▶ _Given records_
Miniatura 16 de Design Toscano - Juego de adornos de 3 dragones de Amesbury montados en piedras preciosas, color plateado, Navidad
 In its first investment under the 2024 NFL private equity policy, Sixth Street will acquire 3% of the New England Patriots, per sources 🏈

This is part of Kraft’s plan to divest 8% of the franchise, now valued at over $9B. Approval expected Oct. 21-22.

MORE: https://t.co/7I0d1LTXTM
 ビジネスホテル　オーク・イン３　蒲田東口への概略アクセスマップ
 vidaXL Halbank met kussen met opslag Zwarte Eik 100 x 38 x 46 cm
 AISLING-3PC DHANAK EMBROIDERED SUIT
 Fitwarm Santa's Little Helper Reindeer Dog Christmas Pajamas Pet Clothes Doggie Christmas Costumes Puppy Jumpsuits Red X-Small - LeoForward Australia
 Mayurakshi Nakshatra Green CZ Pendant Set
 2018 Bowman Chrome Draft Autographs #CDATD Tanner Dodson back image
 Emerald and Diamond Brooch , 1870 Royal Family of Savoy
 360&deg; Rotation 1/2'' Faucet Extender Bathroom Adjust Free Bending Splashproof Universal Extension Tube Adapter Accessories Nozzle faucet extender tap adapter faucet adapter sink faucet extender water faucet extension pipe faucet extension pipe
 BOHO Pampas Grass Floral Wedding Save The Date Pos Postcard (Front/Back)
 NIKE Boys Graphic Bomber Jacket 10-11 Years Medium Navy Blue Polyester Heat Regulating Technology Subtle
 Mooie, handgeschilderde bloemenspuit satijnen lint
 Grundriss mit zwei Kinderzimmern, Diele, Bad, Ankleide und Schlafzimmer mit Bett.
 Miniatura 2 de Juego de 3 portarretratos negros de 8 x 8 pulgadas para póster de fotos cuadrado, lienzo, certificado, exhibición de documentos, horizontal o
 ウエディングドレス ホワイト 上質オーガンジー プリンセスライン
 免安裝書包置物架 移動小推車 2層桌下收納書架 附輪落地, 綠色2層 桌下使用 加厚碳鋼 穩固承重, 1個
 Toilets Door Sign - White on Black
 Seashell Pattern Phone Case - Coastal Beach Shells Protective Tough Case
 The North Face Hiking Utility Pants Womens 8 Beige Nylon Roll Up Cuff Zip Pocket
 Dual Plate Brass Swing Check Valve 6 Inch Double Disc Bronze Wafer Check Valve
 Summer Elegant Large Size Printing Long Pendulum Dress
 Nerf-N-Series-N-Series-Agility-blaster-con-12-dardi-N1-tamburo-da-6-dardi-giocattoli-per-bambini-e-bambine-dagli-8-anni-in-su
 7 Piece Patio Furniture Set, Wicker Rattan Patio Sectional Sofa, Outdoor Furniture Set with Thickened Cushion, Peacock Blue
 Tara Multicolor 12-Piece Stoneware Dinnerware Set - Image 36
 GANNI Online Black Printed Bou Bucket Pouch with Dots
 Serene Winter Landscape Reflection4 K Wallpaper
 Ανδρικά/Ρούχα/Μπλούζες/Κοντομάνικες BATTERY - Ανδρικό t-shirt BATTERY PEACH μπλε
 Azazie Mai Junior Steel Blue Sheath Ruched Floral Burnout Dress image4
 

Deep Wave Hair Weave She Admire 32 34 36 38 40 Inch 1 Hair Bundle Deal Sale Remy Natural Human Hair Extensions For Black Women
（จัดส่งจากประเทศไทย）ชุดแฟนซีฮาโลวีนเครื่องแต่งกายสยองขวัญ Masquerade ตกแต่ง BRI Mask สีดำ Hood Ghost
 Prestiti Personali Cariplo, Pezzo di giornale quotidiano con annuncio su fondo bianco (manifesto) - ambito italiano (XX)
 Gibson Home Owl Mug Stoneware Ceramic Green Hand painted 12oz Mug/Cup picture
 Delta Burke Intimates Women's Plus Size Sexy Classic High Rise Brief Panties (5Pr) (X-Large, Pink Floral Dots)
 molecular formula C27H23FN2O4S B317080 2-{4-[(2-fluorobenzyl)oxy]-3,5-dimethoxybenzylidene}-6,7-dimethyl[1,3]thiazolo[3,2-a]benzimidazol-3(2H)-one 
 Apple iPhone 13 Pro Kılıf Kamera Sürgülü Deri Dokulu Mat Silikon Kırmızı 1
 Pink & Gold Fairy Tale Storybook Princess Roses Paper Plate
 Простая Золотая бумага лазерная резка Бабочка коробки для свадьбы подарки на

▶ _Exercise description_
Each line from the one containing "Pink & Gold" to the close of the records must appear in the output exactly, and no other line.

▶ _Result for this task_
 Pink & Gold Fairy Tale Storybook Princess Roses Paper Plate
 Простая Золотая бумага лазерная резка Бабочка коробки для свадьбы подарки на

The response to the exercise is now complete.